▸ WORK ORDER: Retype, word for word, every line of the records below starting at the one that contains "Радиатор охлаждения двигателя" and ending at the one that contains "2.55 Carat Round"; include both of those lines and nothing more.

======== DATA EXTRACTS

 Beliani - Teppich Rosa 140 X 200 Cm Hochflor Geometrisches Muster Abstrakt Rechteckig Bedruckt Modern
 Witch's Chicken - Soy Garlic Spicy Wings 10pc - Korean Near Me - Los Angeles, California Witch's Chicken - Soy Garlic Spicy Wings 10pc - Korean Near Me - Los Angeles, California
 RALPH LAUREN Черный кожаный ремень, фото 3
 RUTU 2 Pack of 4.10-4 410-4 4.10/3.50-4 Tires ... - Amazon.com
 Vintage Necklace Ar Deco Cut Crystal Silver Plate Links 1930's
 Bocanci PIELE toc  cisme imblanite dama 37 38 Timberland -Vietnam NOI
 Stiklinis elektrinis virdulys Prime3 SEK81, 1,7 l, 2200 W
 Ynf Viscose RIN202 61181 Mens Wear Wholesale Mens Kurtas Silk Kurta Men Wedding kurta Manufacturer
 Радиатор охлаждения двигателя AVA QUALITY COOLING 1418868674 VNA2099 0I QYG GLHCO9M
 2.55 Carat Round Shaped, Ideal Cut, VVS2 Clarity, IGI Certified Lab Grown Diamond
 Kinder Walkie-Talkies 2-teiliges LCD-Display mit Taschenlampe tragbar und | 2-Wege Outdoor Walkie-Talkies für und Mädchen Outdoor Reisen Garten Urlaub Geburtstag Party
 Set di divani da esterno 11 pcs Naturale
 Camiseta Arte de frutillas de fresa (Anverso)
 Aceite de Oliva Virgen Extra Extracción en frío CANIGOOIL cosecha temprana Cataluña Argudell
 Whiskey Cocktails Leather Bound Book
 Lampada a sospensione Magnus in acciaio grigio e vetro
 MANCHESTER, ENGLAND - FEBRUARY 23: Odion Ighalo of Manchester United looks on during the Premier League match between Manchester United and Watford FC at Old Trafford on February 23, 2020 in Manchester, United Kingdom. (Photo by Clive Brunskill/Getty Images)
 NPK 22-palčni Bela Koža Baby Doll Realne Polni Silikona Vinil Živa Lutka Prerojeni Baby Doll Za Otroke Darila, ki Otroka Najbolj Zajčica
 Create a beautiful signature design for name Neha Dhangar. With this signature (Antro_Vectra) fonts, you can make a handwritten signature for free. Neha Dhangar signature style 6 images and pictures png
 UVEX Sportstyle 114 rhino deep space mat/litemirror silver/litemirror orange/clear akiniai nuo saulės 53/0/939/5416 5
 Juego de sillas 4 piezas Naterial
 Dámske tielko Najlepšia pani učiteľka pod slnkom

================

▸ WRITTEN RESPONSE:
 Радиатор охлаждения двигателя AVA QUALITY COOLING 1418868674 VNA2099 0I QYG GLHCO9M
 2.55 Carat Round Shaped, Ideal Cut, VVS2 Clarity, IGI Certified Lab Grown Diamond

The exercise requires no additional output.